When the tag in PATROL agent pconfig matches the tag in a CMA policy, CMA will push all its configurations contained in that policy to PATROL agent immediately.  Whenever any configuration is updated in a policy, all PATROL agents with matching tags will receive the same update immediately.  No PATROL agent restart is needed.








Monday, June 2, 2014

BPPM 9.5 Quick Start - Part 9: CMA monitoring policy creation

Central Monitoring Administration (CMA) has been redesigned for BPPM 9.5.  You will need to create new monitoring policies in BPPM 9.5.  CMA sends configuration information to PATROL agents 9.5 through BPPM child server and BPPM integration service.

Each monitoring policy in CMA contains a name and a set of tags to match PATROL agents.  A PATROL agent can contain one or more tags in its pconfig variables. When a tag contained in a PATROL agent matches a tag specified in a monitoring policy criteria, all configuration contained in the policy is pushed to the PATROL agent as pconfig variable values whenever PATROL agent is connected to CMA (such as when PATROL agent restarts) and whenever the monitoring policy changes in CMA. 

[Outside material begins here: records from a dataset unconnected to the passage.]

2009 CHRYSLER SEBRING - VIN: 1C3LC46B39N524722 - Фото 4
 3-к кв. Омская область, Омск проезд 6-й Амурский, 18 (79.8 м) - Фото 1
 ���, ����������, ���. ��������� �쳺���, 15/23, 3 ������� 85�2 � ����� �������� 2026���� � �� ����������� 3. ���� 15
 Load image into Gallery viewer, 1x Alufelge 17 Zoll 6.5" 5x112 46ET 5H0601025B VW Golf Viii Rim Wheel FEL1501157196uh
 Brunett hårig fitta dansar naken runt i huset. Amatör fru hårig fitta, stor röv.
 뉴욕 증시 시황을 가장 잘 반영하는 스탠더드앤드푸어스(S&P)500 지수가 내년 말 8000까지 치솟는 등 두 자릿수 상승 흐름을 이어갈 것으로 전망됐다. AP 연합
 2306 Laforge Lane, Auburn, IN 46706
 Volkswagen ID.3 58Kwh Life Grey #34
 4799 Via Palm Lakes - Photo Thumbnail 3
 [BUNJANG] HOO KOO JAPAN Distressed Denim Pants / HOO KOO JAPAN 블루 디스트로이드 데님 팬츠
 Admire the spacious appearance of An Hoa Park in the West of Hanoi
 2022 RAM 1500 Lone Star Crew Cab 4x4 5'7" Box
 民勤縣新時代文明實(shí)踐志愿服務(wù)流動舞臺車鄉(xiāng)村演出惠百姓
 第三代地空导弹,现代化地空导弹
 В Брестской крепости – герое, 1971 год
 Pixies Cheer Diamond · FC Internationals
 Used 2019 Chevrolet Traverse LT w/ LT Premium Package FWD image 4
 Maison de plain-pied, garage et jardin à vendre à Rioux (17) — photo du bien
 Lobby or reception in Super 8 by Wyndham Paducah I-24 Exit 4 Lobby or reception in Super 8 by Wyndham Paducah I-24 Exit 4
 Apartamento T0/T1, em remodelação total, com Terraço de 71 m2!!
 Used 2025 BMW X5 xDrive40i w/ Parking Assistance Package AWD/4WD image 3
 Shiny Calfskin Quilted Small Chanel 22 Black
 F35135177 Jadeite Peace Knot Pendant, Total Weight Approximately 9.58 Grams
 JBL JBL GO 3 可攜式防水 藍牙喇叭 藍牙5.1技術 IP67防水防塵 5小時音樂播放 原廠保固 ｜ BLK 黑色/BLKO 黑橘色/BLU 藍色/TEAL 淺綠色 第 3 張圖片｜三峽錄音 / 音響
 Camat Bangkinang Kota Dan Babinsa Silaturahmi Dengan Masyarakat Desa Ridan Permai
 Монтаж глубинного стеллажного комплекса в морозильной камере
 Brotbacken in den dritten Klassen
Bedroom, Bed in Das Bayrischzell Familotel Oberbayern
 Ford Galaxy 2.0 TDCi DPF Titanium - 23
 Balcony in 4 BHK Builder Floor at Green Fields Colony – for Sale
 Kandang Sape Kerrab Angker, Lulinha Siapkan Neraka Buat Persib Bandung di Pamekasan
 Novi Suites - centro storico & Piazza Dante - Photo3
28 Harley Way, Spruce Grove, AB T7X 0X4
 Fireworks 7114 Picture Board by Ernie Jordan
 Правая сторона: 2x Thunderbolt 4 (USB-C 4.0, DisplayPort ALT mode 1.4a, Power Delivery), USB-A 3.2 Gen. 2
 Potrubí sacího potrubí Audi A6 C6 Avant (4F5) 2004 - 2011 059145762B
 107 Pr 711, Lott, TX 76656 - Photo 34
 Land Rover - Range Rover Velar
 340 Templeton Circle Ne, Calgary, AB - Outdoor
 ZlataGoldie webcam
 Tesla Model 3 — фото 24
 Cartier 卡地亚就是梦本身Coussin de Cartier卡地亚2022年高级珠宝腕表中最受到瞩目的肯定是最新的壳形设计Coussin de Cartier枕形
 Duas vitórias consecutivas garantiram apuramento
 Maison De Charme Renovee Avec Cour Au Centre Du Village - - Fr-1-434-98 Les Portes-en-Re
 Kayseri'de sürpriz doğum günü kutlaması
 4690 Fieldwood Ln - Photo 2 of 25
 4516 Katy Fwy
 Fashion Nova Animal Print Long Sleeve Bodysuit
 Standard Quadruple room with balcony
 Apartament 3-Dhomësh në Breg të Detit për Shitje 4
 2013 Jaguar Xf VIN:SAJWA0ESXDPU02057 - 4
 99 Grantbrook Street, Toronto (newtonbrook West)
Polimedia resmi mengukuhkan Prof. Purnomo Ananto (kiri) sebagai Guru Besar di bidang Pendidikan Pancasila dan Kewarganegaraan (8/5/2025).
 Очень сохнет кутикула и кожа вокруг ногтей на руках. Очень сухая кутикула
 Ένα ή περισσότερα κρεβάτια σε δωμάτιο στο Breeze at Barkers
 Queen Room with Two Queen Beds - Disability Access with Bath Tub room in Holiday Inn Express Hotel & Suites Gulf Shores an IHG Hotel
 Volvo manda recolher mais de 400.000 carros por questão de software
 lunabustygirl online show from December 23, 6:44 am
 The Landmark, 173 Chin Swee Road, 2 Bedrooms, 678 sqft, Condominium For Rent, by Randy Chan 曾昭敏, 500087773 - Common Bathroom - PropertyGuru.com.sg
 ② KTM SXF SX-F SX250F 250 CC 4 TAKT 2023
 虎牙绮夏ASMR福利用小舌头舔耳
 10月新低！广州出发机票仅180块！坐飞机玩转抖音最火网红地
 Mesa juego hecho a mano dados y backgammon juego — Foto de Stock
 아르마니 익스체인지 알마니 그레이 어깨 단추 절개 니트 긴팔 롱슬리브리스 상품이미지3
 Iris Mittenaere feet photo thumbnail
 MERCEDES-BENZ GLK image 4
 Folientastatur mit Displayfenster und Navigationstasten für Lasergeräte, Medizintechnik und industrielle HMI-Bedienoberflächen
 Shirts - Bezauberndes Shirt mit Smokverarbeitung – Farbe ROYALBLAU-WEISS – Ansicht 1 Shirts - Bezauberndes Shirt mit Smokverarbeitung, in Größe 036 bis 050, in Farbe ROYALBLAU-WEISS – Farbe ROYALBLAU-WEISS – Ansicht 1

To start creating CMA policies, login into CMA and open 'Policies' drawer under 'Navigation' bar at left.  Open 'Monitoring Policy Configuration' window.  Follow the order in the menu to input information to two mandatory configuration selections first: General and Agent Selection.  You will be asked to input policy name, precedence number, and a set of tags to match PATROL agents.

Then you can input information to seven optional configuration selections: Monitoring Configuration, Filtering Configuration, Agent Threshold Configuration, Server Threshold Configuration, Agent Configuration, Server Configuration, and Configuration Variables.  Monitoring configuration is categorized by monitoring solution (package name), version number, monitoring profile (KML name), and monitor type (KM name).  If you have created your own custom KMs, you will need to import them to Central Monitoring Repository first before you can create monitoring configuration for your custom KMs.

Most of the policy creation process is self explanatory if you follow the GUI, but it is a fairly time consuming process.  Because one policy can match multiple tags and one PATROL agent can contain multiple tags, it is recommended that you carefully plan a systematic way to name all your tags based on operating systems, applications, versions, environments, and locations before starting massive policy creation process.

Similar to the process of creating rule sets in PATROL Configuration Manager (PCM), decide on a few common denominators first such as base UNIX OS policy and base Oracle policy.  Then build your policies in hierarchy such as base Windows OS policy, followed by production Windows OS policy, followed by base SQL Server policy, and followed by production SQL Server policy.  A lower precedence number indicates a higher precedence.